Tuesday, July 22, 2008

Admiring the Space for Steve

July 20, 2008

Liying has been away all day, every day, working on the new apartment. Last night, we planned that she would take Steve and me there (Steve has never been inside, and me, just once). But Liying was too tired.

So tonight we took the taxi. . . loading by the street curb, always we hurry, the taxi half in the street, me sliding into the back seat with Steve long and heavy upon my body. I feel that we in combination are like a big turtle climbing into narrow space, but we’re upside down, then I shift him – he’s always happy at the adventure of going somewhere, even upside down – despite our tangled feet into an upright position so he can see out the windows. Meanwhile Liying wrestles with the wheel chair, explaining and stowing it with the driver into the trunk.

It’s a lovely July evening, so all the street restaurants were full of people, to both sides before the gate to our apartment compound. To my surprise, hardly had we managed to get ourselves and Steve unslid out the taxi door and the wheel chair unstowed, but two security guards with huge smiles were opening wide the car gates for Steve, for all of us. A special entry.
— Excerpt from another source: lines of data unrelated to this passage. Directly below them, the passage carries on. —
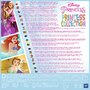 Joc Trefl Disney Princess, Colectia Printeselor - 3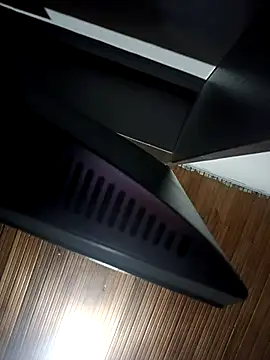 dulce celeste15 online show from January 14, 2026, 5:27 pm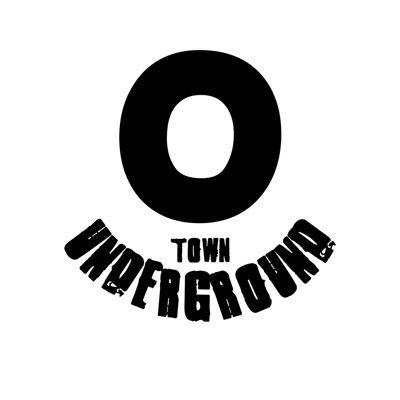 Otownundergrund's profile picture. 407. OFFICIAL UNDERGROUND PAGE FROM ORLANDO!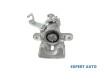 Etrier spate Suzuki Swift 4 (2010-&gt;)[FZ,NZ] #1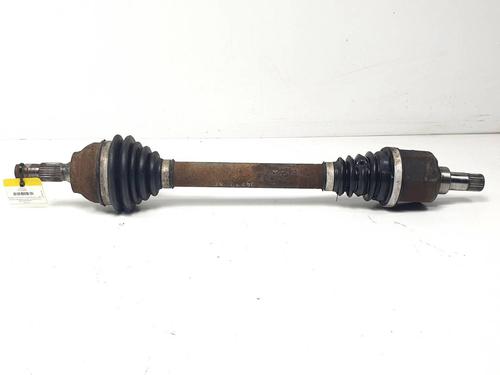 Used Left front driveshaft Left front driveshaft PEUGEOT 308 SW I (4E_, 4H_) 1.6 HDi (114 hp) 39745267 39745267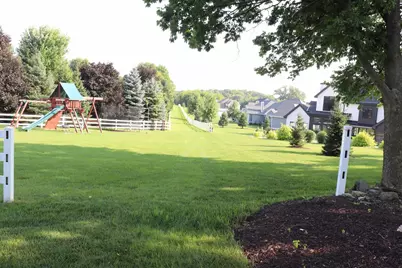 5803 Bellewood Drive, Waunakee, WI 53597 - Photo 71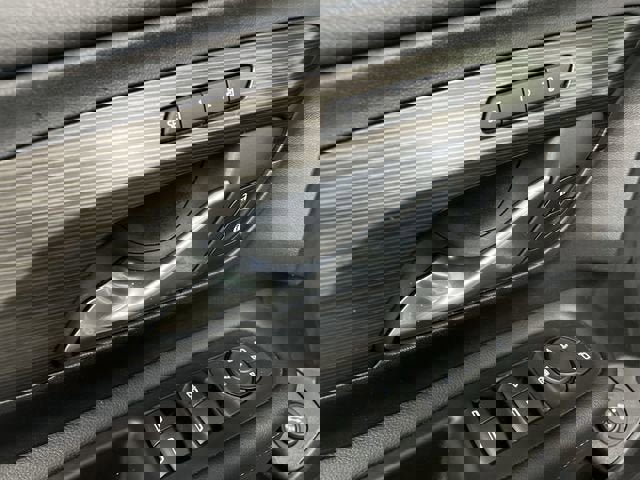 Certified 2023 GMC Terrain SLT w/ Tech Package image 23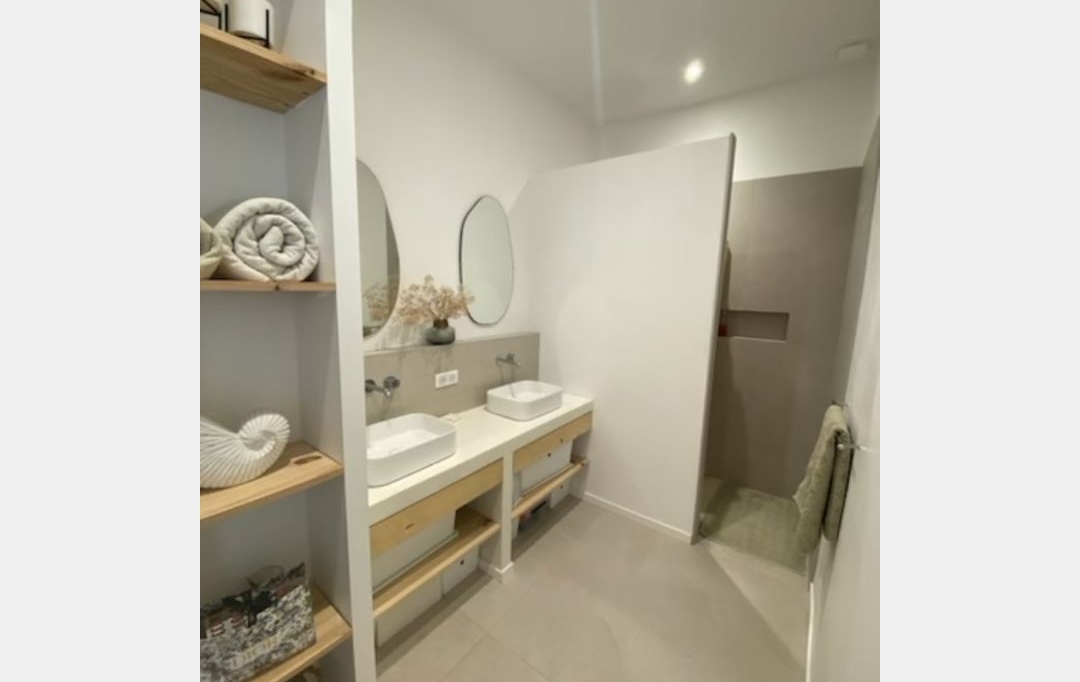 CABINET L'ANTENNE : Apartment | NIMES (30900) | 115 m2 | 385 000 € 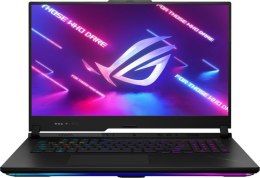 ASUS ROG Strix SCAR 17 G733 (17.3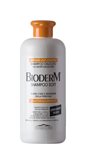 Bioderm Shampoo Soft 500ml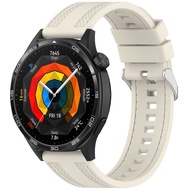 For Huawei Watch GT5 GT5pro  Huawei Watch GT4 GT4pro  Huawei Watch GT3 GT3pro / Huawei Watch GT2 GT2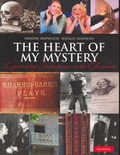 Cover: The Heart of my Mystery - Cambridge University Press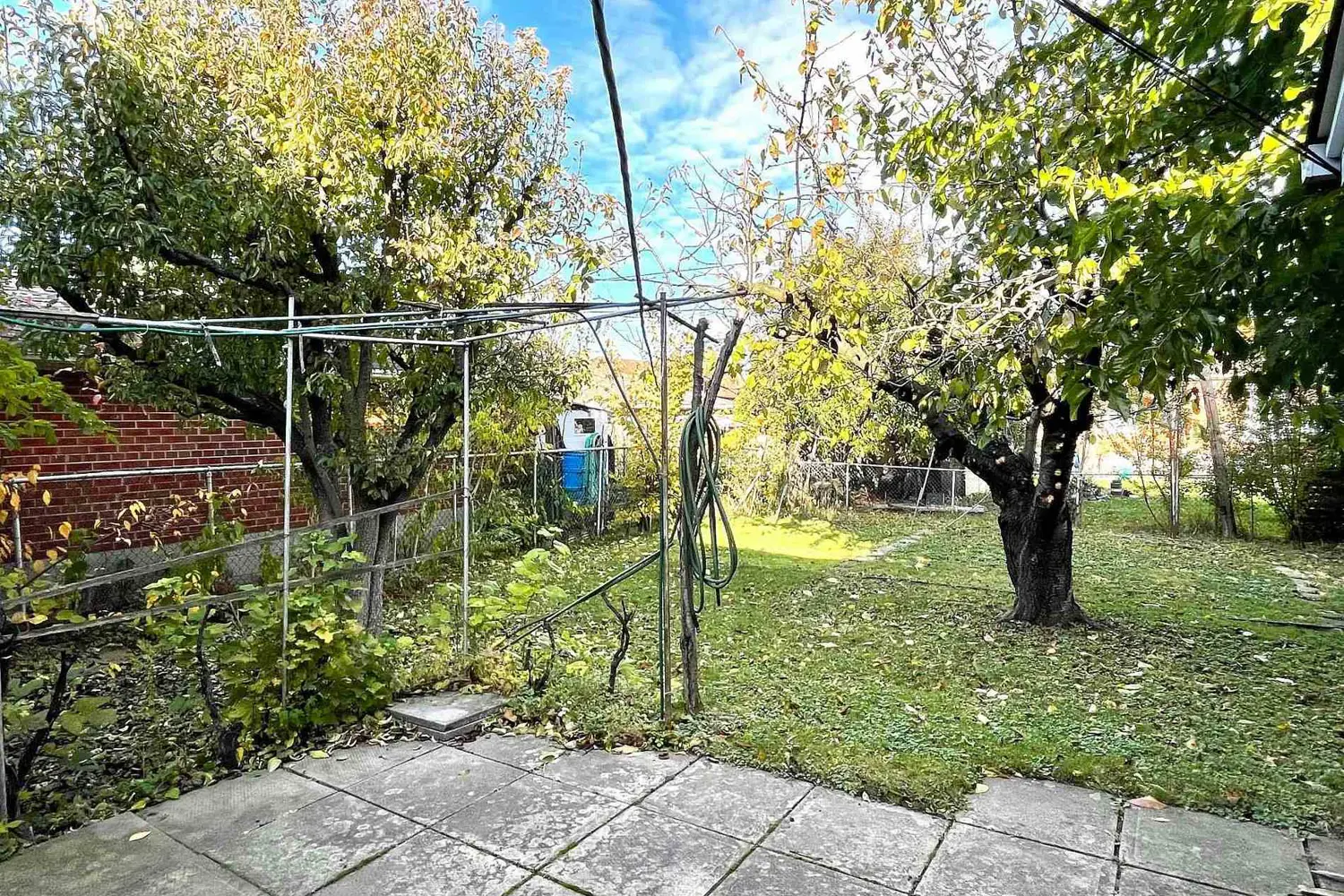 Additional image 9 of 36 Alden Avenue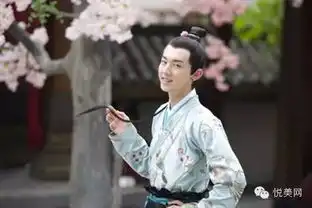 宋仲基被撞脸拉倒,95后男神告诉你什么叫撞脸
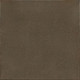 Миниатюра изображения товара Плитка Керамин Грес 0439 (300x300)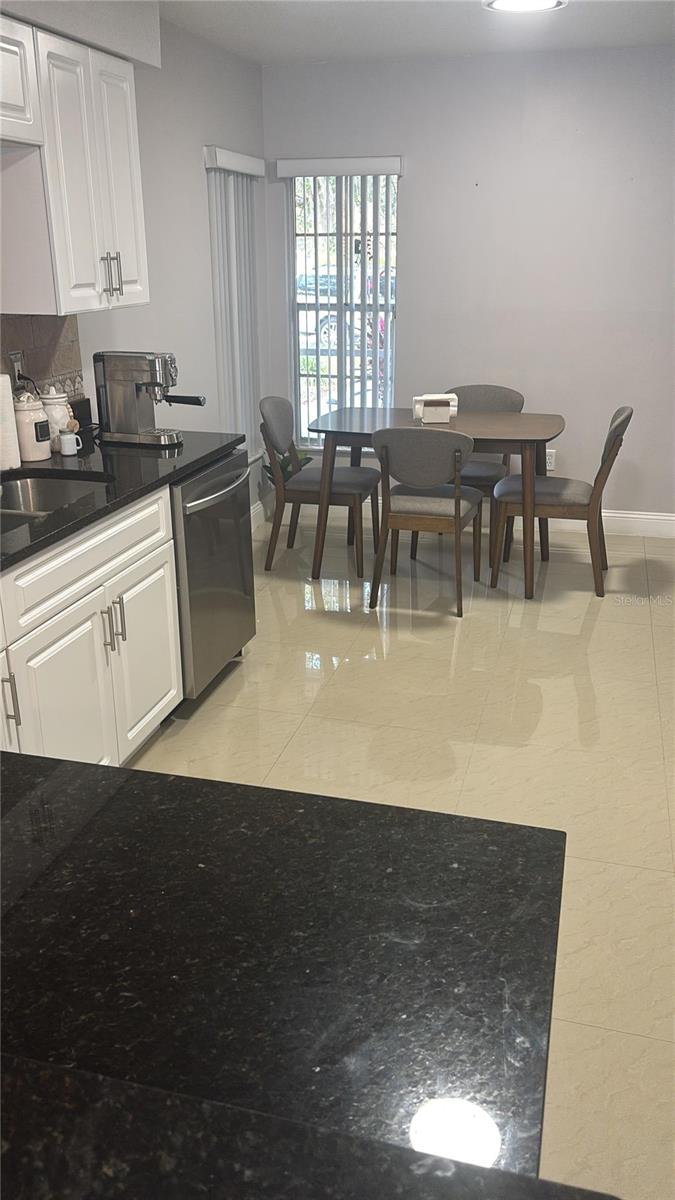 Image 14 of 15 For 3004 Rosebud Lane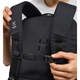 Haglöfs Jarve Multi 22 True Black
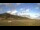 Webcam su Hamilton Island, 371.7 km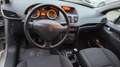 Peugeot 207 1.4 VTi XR Zilver - thumbnail 6
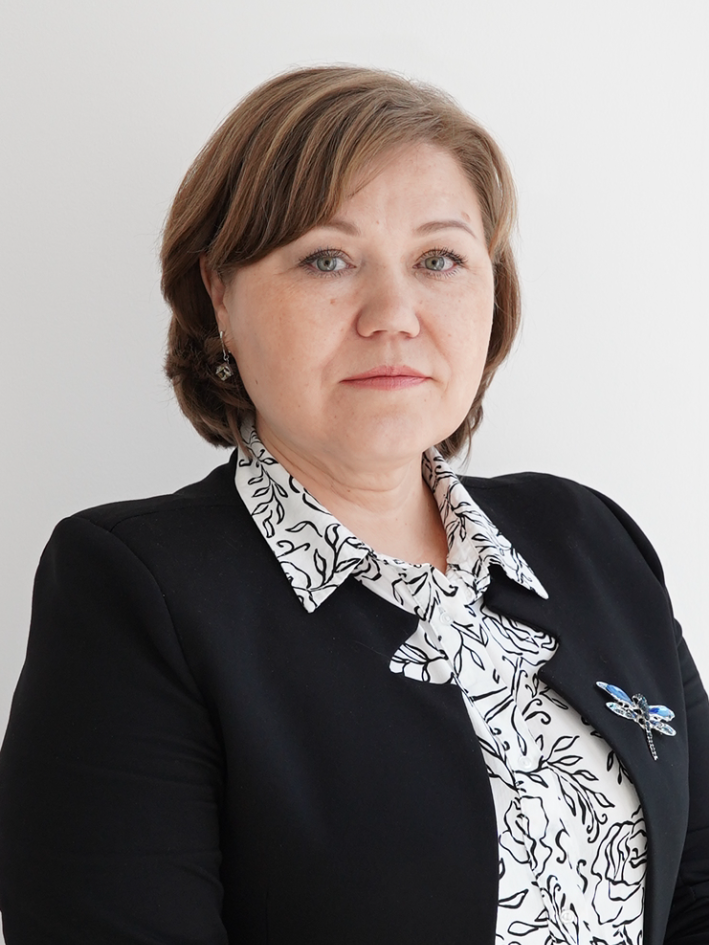 Қаржы, бухгалтерлік есепке алу және мемлекеттік сатып алу қызметі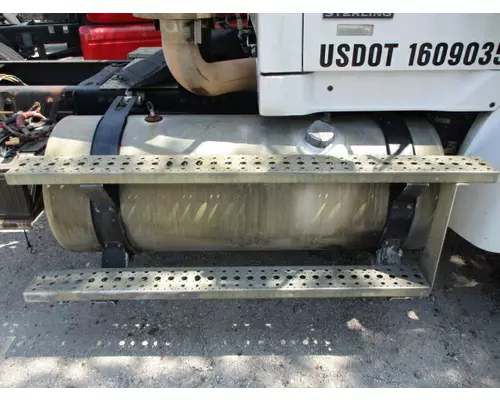 Fuel Tank STERLING A9500 LKQ Heavy Truck - Tampa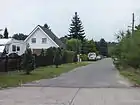 Bukesweg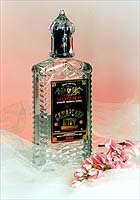 РОДНИК Самарский штоф (1 л )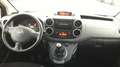 Citroen Berlingo BlueHDi Talla M Feel 100 Burdeos - thumbnail 9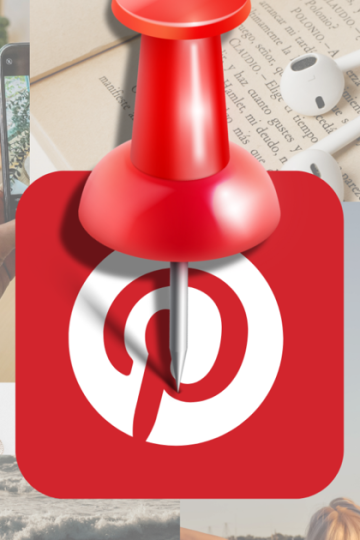 The revival of Pinterest: the perfect digital diary | Culture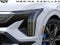 2026 Cadillac OPTIQ V-Series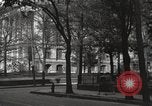 Image State Capitol Atlanta Georgia USA, 1917, de la seconde 36 séquences d'archives historiques vidéo 65675066844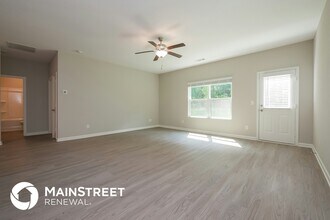 85 Katelen Ct in Covington, GA - Building Photo - Building Photo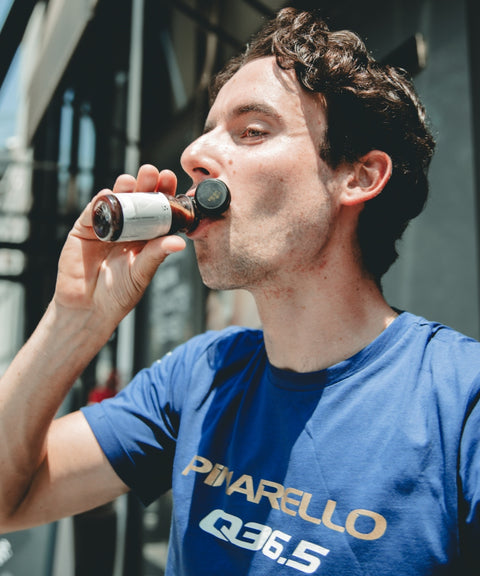 Colpo di barbabietola | 12 pack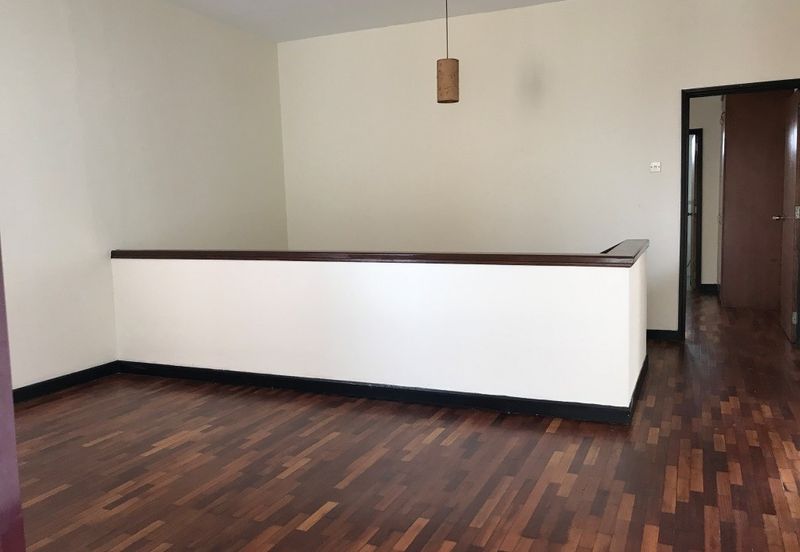 Puteri Palma Condominium @ IOI Resort City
Everything looked surprising clear and real to my eye this time, more vivid than memory of that other visit a month ago. People were out in numbers in the courtyard, because it was evening, time to be free on a Sunday. The pavement isn’t too bad, but it’s worn, with little flaws I hadn’t noticed before.

We left the wheel chair just inside our doorway at ground level. I found it easy on those stairs to get Steve up to our second-floor door. He was chanting loudly, excited by the new home and by my hoisting him up and up the stairs.

When we opened the heavy outer door, and then the thin wood door, Liying delightedly showed us the first and only thing in sight – the new entry cupboard, mostly her idea and design. People will put their coats and shoes here, the cupboard blocks all view into the big room. At the last minute, she added a mirror so Steve and I looked at ourselves, at how tall and upright he is, far up my chest.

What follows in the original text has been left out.